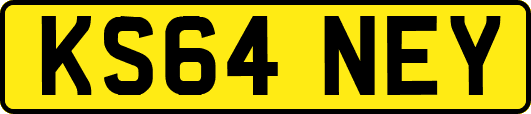 KS64NEY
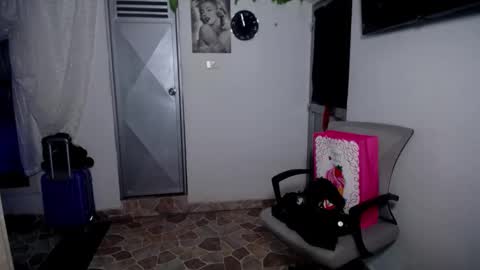 Snapshot of maritza_ferrerr chatting on 28, 2, 2026 Maritza Ferrer -Samara Beltran online show from 28, 2, 2026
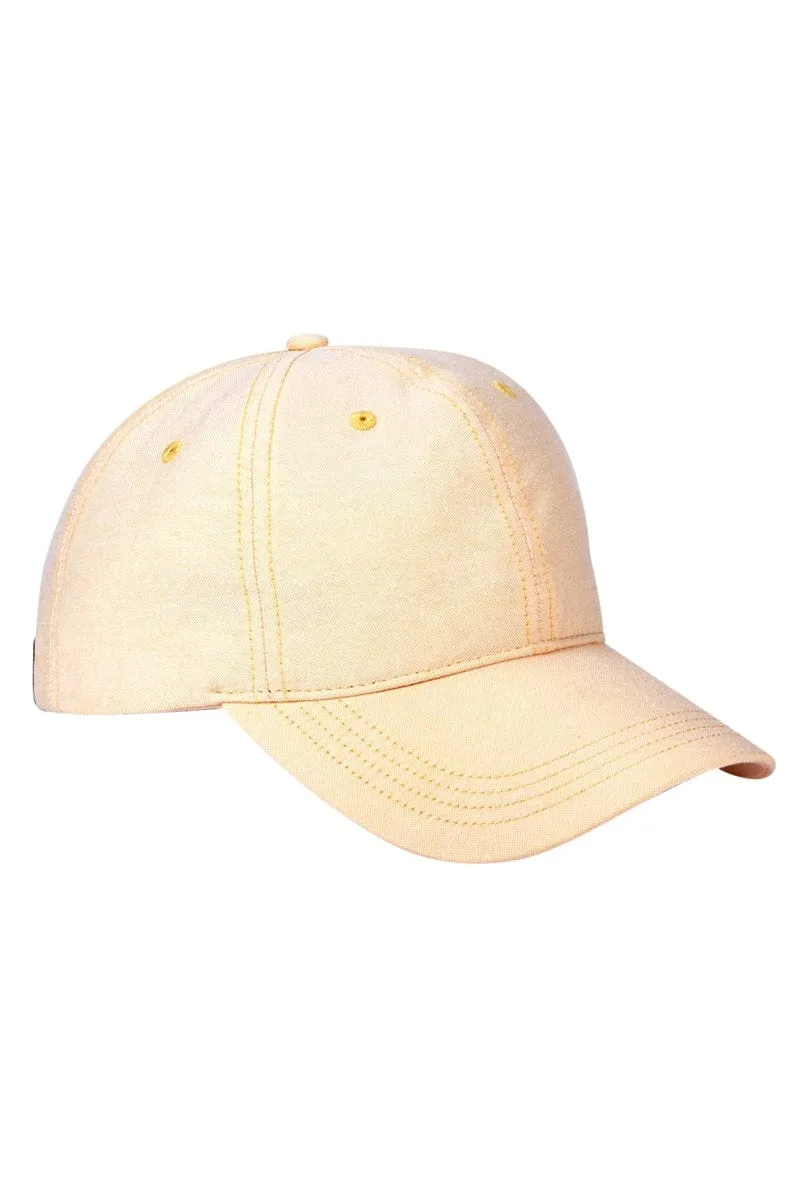 Big Accessories BA614: Summer Prep Cap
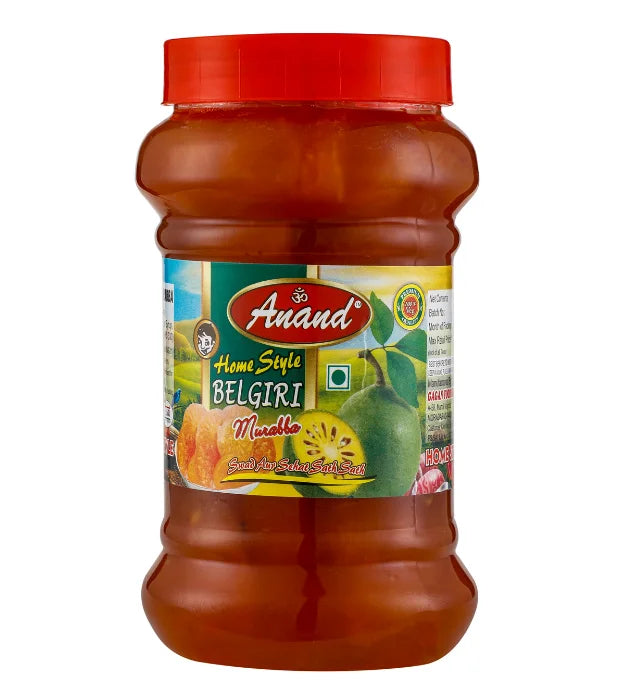 Bael Murabba – Sweet, Cooling & Traditionally Homemade Delight | Gongloo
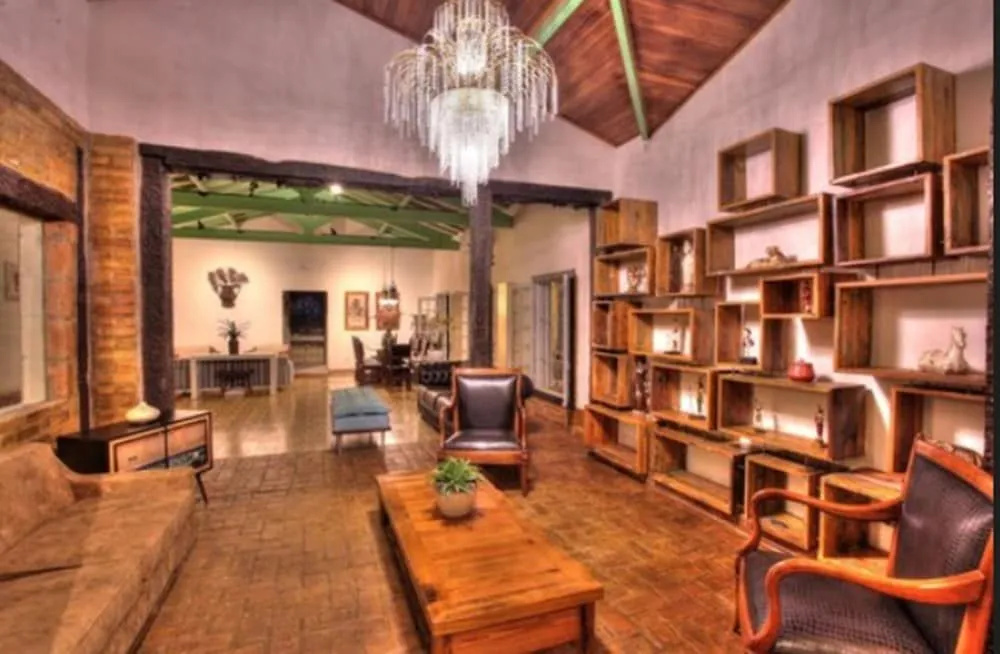 Hotel Fazenda Vida Bela - Général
######
◆ **Task goal**: Using the records above, retype everything exactly except the pictures.

◆ **Exercise response**:
 KS64NEY
 Snapshot of maritza_ferrerr chatting on 28, 2, 2026 Maritza Ferrer -Samara Beltran online show from 28, 2, 2026
 Big Accessories BA614: Summer Prep Cap
 Bael Murabba – Sweet, Cooling & Traditionally Homemade Delight | Gongloo
 Hotel Fazenda Vida Bela - Général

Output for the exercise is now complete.